(INPUT FOR THIS TASK Opens)

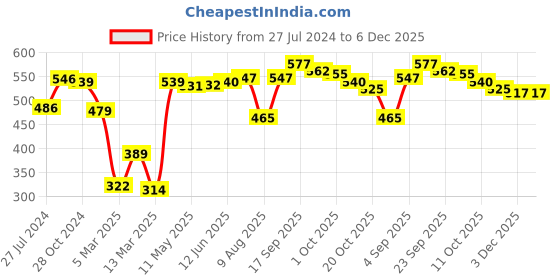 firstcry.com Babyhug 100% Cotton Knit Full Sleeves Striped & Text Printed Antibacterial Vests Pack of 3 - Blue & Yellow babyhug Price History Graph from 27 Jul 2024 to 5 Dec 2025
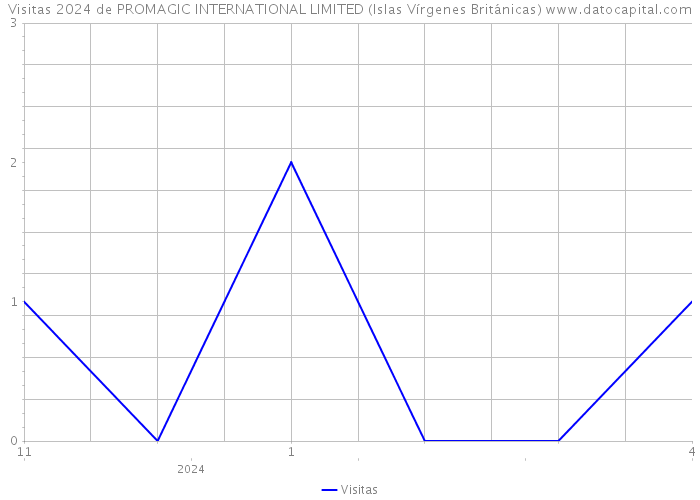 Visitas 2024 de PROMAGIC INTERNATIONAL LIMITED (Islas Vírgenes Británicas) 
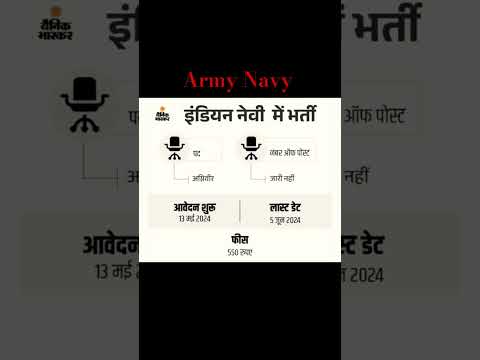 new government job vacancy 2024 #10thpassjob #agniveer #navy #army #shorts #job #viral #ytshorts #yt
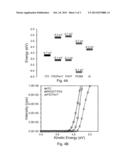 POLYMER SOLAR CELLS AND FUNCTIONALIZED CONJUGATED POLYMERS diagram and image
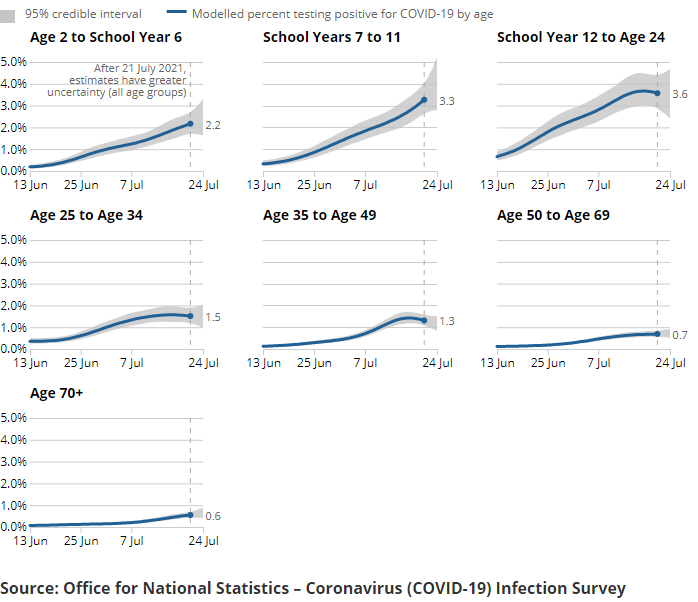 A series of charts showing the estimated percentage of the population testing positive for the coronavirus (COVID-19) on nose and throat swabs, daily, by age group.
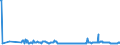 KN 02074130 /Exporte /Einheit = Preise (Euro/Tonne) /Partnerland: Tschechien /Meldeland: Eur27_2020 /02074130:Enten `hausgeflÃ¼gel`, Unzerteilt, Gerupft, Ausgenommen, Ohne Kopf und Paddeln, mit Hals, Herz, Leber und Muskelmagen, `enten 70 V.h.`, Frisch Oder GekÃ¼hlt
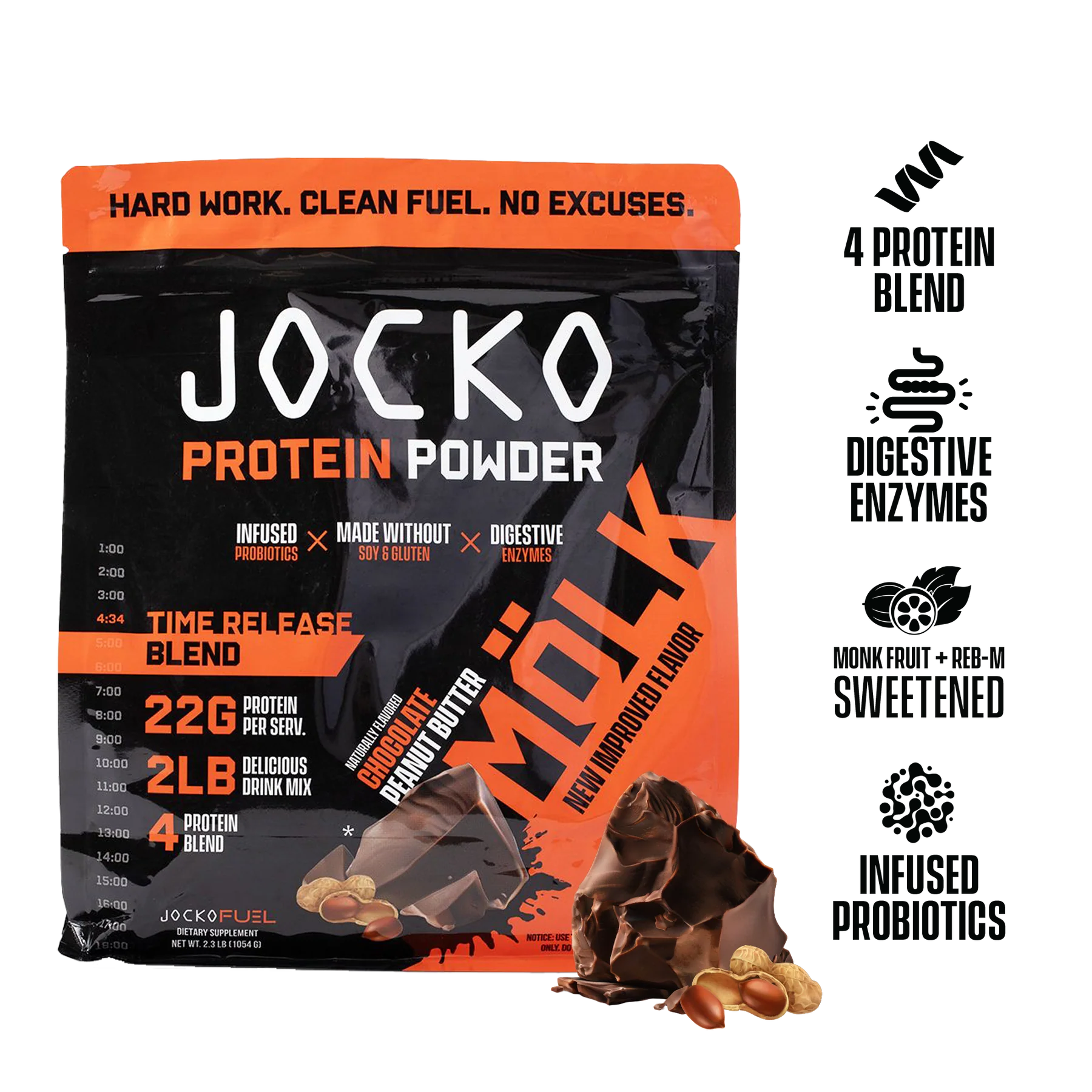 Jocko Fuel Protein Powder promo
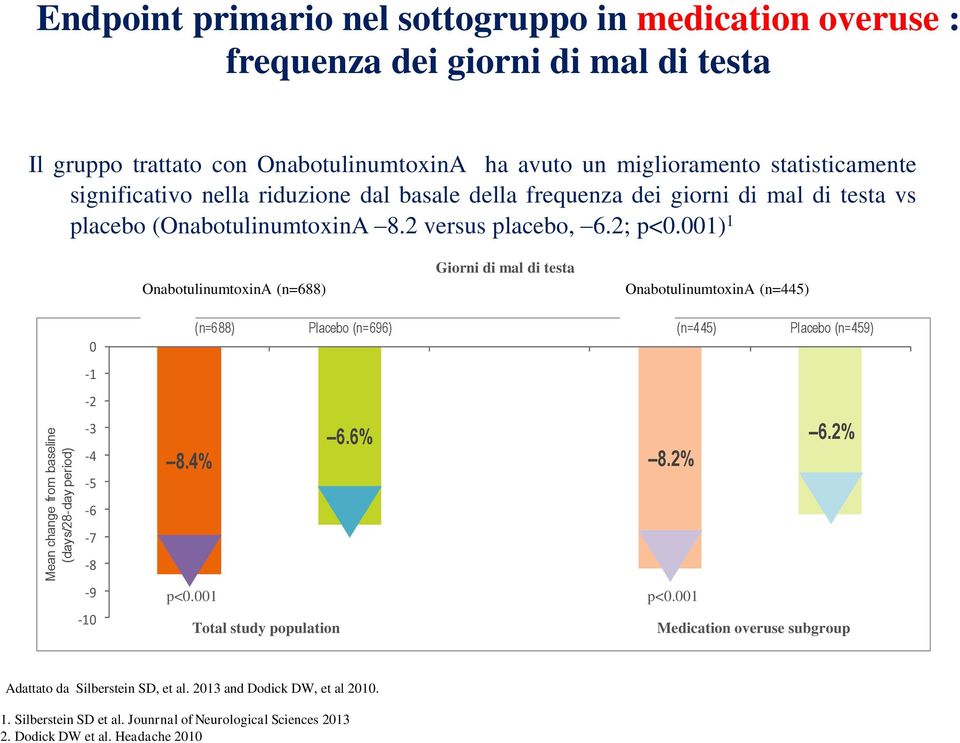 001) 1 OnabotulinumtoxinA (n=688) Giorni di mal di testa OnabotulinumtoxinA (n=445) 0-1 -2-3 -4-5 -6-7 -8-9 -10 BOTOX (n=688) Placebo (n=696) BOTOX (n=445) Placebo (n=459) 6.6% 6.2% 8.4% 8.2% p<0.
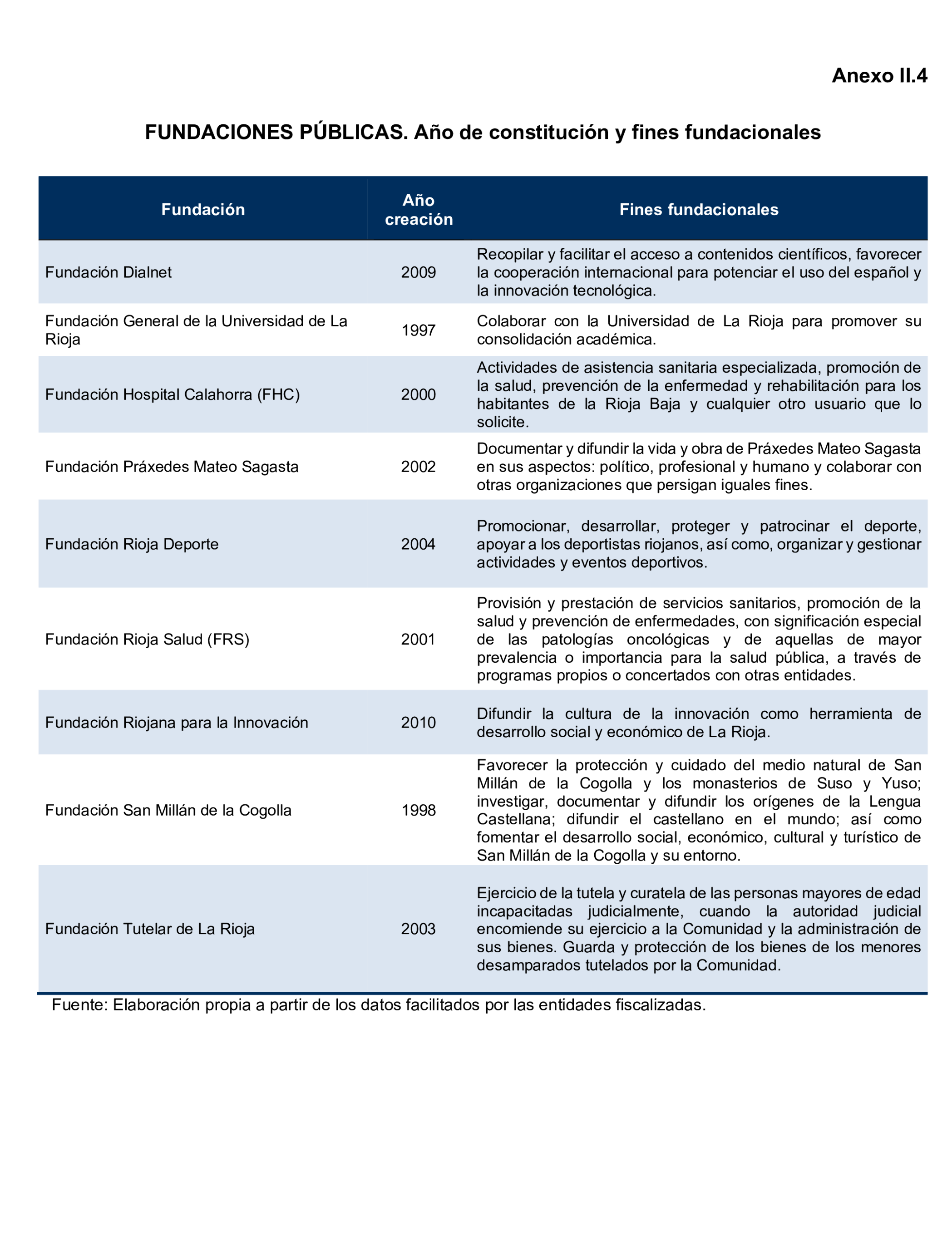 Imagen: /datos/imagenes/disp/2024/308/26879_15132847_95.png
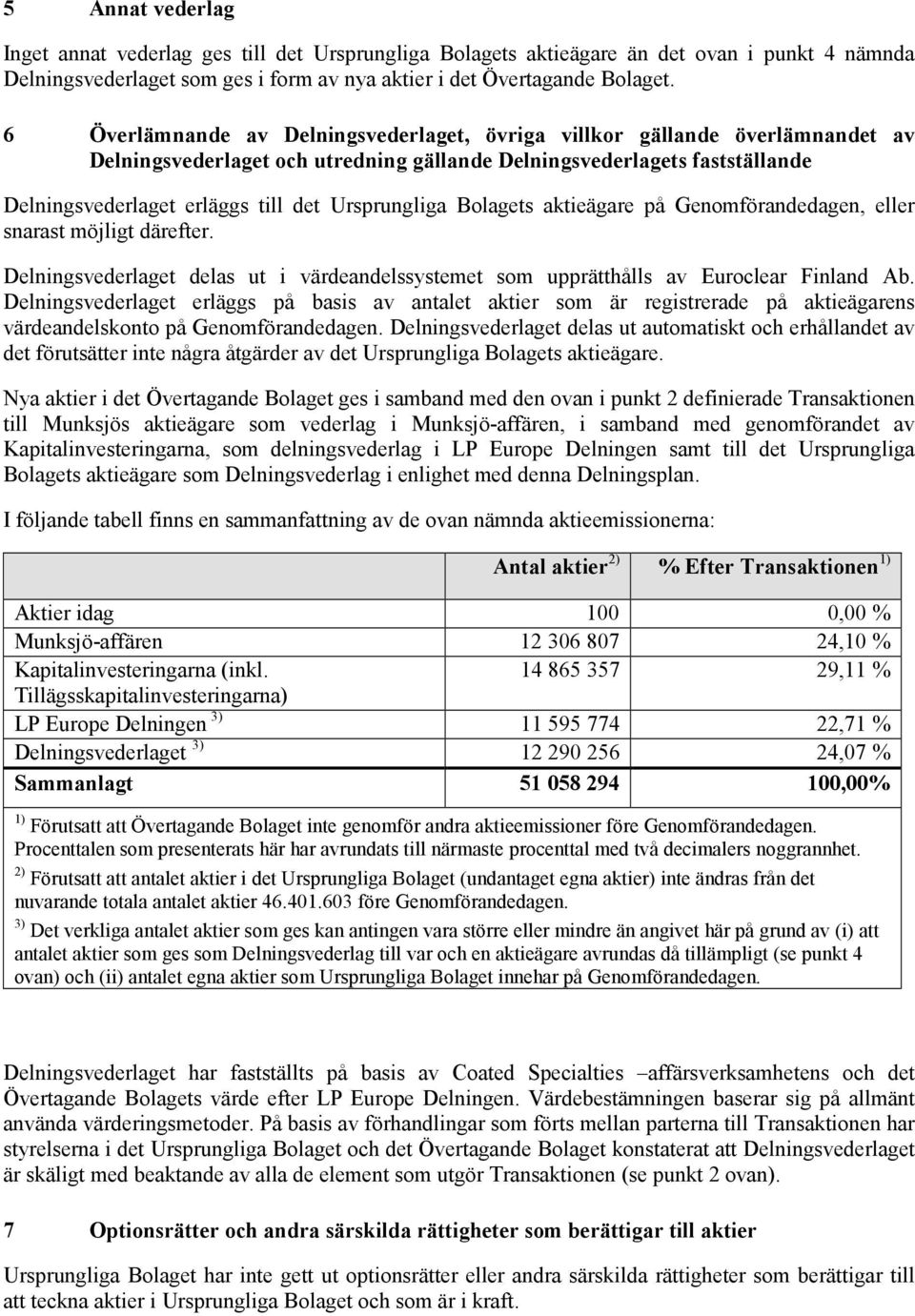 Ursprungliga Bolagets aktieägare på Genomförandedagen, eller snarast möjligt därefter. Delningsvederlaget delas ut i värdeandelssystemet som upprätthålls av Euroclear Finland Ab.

(INPUT FOR THIS TASK Closes)

[REQUIRED WORK]: Exactly as they appear, transcribe the lines from the top of the material above through the line with "A series of". Omit any picture.

[ANSWER TO THE PROBLEM]:
 firstcry.com Babyhug 100% Cotton Knit Full Sleeves Striped & Text Printed Antibacterial Vests Pack of 3 - Blue & Yellow babyhug Price History Graph from 27 Jul 2024 to 5 Dec 2025
 Visitas 2024 de PROMAGIC INTERNATIONAL LIMITED (Islas Vírgenes Británicas) 
 new government job vacancy 2024 #10thpassjob #agniveer #navy #army #shorts #job #viral #ytshorts #yt
 POLYMER SOLAR CELLS AND FUNCTIONALIZED CONJUGATED POLYMERS diagram and image
 A series of charts showing the estimated percentage of the population testing positive for the coronavirus (COVID-19) on nose and throat swabs, daily, by age group.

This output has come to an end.